## EXERCISE OBJECTIVE:
Look through the listing below for the line containing "Arizona Wildcats Football Team". Copy it and each line after it up to and including the line containing "Various Styles Tumbler Wrap", exactly, leaving out pictures.

## SOURCE MATERIAL:
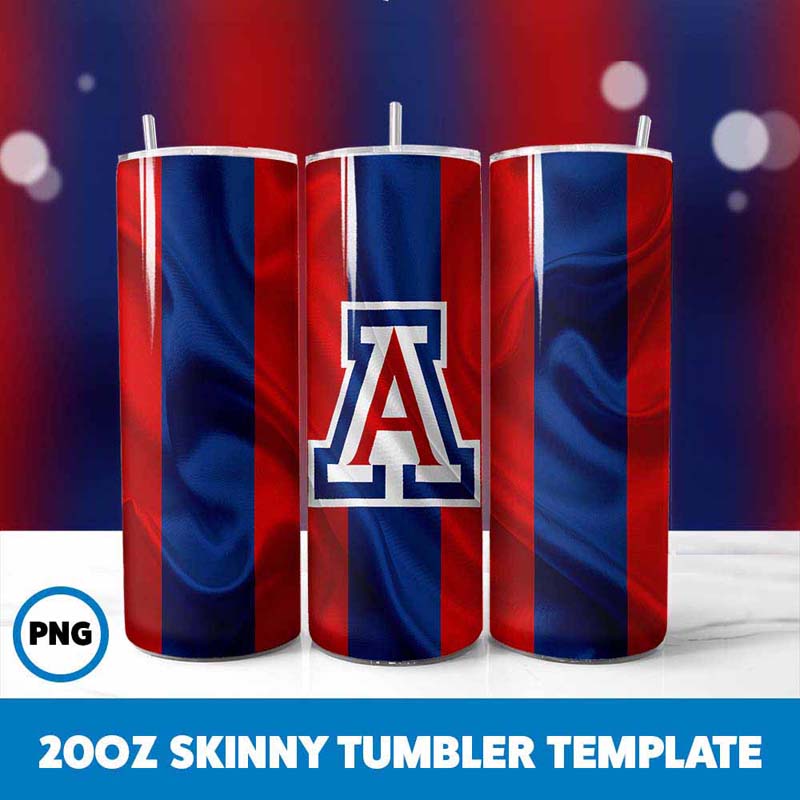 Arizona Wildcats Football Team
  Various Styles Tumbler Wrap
...
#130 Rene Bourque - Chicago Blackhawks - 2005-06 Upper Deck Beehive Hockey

## EXPECTED ANSWER:
 Arizona Wildcats Football Team
  Various Styles Tumbler Wrap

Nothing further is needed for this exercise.